- [Data shown]

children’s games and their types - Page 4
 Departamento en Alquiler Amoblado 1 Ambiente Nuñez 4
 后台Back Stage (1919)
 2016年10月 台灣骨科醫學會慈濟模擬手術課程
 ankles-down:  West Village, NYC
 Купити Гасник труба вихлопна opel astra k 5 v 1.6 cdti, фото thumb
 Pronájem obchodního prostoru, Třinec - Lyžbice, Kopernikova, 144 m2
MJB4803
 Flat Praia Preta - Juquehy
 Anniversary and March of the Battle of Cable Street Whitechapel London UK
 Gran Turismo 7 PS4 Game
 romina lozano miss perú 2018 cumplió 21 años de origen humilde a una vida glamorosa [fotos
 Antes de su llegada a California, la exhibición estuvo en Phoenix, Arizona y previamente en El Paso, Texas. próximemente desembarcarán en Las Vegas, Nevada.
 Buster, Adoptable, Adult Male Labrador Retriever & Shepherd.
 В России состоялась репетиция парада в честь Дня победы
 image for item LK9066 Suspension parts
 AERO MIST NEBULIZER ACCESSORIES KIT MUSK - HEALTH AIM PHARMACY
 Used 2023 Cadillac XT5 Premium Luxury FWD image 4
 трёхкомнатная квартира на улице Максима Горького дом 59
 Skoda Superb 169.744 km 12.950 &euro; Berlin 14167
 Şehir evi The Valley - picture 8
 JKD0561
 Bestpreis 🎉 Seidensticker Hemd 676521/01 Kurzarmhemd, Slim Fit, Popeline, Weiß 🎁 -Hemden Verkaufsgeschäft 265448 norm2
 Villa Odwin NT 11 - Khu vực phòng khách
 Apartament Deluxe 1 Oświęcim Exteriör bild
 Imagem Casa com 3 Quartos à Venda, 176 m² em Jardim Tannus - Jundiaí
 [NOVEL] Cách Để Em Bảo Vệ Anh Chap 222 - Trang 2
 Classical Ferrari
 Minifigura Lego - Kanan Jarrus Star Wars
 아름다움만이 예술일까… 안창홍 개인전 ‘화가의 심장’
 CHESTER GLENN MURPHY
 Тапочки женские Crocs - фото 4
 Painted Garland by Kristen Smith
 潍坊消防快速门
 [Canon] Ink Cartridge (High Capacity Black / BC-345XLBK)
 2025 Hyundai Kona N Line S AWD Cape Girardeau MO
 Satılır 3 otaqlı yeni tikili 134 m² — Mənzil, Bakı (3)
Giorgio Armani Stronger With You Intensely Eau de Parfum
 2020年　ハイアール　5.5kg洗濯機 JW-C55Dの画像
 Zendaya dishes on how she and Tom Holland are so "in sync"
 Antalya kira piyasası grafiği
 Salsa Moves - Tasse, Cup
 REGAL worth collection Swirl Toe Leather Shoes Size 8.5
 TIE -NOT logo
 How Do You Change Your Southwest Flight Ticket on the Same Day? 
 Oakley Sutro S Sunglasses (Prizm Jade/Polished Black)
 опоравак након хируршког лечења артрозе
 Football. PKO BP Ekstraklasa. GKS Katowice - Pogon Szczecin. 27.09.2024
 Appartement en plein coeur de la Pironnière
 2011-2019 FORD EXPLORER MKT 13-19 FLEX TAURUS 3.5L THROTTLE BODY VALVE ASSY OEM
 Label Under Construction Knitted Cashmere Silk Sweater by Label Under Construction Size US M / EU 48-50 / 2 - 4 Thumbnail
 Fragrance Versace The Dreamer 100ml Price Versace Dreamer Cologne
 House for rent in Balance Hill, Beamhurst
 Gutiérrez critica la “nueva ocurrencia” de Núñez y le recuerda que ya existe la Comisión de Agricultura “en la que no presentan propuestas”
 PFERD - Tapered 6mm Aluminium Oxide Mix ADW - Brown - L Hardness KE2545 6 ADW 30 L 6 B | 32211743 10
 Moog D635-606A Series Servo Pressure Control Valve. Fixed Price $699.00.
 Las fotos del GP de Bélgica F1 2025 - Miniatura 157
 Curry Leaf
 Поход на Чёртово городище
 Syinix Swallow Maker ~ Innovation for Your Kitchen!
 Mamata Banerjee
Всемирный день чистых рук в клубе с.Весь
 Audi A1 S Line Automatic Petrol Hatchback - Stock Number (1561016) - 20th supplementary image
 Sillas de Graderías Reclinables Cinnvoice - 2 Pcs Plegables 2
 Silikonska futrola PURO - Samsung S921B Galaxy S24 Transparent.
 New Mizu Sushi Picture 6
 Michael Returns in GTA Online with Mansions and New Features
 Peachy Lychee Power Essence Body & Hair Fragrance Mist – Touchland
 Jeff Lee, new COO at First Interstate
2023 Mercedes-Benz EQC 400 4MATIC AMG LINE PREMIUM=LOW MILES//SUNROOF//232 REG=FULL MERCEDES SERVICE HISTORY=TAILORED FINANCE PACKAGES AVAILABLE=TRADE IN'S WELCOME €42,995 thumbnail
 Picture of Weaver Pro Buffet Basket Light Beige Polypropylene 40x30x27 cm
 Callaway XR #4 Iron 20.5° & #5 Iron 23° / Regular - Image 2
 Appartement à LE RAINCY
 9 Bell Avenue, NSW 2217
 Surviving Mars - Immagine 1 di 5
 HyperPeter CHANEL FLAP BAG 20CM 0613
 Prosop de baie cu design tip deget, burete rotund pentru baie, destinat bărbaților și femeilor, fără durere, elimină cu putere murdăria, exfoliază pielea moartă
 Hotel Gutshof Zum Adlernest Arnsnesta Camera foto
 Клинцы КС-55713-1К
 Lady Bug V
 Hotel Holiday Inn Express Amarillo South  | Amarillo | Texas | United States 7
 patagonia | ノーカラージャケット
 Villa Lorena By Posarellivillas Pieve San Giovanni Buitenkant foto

- [Problem details] Copy every line from the material in which the word "fotos" can be found.

- [Exercise solution]
 romina lozano miss perú 2018 cumplió 21 años de origen humilde a una vida glamorosa [fotos
 Las fotos del GP de Bélgica F1 2025 - Miniatura 157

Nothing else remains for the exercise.